Read it as a thin shell around chapter 14:

• [1] pick_device uses the best local accelerator available, then falls back to CPU.
• [2] load_model restores the SFT checkpoint from checkpoints/model_sft.pt. If you skipped chapter 17, point this at model.pt instead and prepare for less assistant-shaped output.
• [3] render_prompt turns the conversation history into one text prefix.
• [4] sample_next is the same temperature + top-K + top-P pipeline from chapter 14.
• [5] generate_reply crops to the model's context window, samples one token at a time, and stops if the model starts a new speaker turn.
• [6] main is the terminal loop: read user input, append it, generate, print, append the reply.

Then run it:

python -m scripts.chat

python -m scripts.chat

python -m scripts.chat

You should get a prompt like this:

The loss curve chat. Type /quit to stop.
 
You: what is a token?
Model: ...

The answer may be a little better than chapter 14's — at minimum it should attempt a brief answer rather than continuing in Shakespeare. What matters is that the full path now exists: local data → tokenizer → transformer → training → SFT → checkpoint → sampler → chat interface.

You will also notice it is slow. The naive loop above is correct but redundant in a way the next section fixes.

3. Make it fast: the KV cache

Run a 160-token generation. On CPU expect 30–60 seconds. The pain ratio gets worse as the conversation history grows.

The cause: at every step of generation, the model processes the entire context (prompt + every token generated so far). For every attention layer, that means recomputing Q, K, and V over the full sequence even though only the last token changed. With T total tokens and L layers, each step does O(L · T²) work; the full generation is O(L · T³). At our tiny scale you still feel it.

The standard fix is the KV cache: store the K and V tensors from each layer's attention after the prompt's first pass. At each subsequent step, compute K and V only for the new token, concatenate them onto the cache, and let the new query attend to the whole cached K, V. Per-step work drops to O(L · T).

Quantify the difference. The cell computes attention work over a 32-token prompt + 100 generated tokens, naive vs cached:

The architectural support is already there

The llm/model.py from chapter 12 was written with KV cache in mind. Look at CausalSelfAttention.forward, Block.forward, and GPT.forward: each takes an optional past_kv / past_kvs argument, and the attention module conditionally concatenates new keys/values onto the cache and skips the causal mask when the new query is a single token. When you pass past_kvs=None (the default in training), behavior is unchanged from chapter 10. Cache enabled = inference-time speedup. No retroactive patch needed.

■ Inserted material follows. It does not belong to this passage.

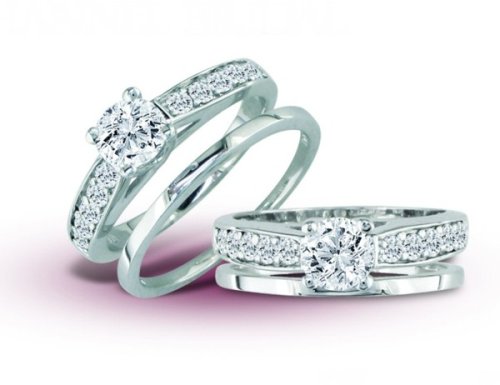 14K White Gold Diamond Wedding Set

Three subtleties to keep in mind when you use the cache:

• Position embeddings offset by the cached length. The single new token is at position cached_length, not at 0. GPT.forward reads past_kvs[0][0].size(2) and shifts the position arange accordingly. Without the offset, every generated token would get position 0 and the model collapses.
• The causal mask is only applied on the prefix pass. During cached generation, T = 1 and the new query is supposed to see the entire cache; no mask is needed. CausalSelfAttention checks past_kv is None for this.
• Training is unaffected — when past_kvs is None, the behavior is identical to chapter 12's default forward path. The cache is purely an inference optimization.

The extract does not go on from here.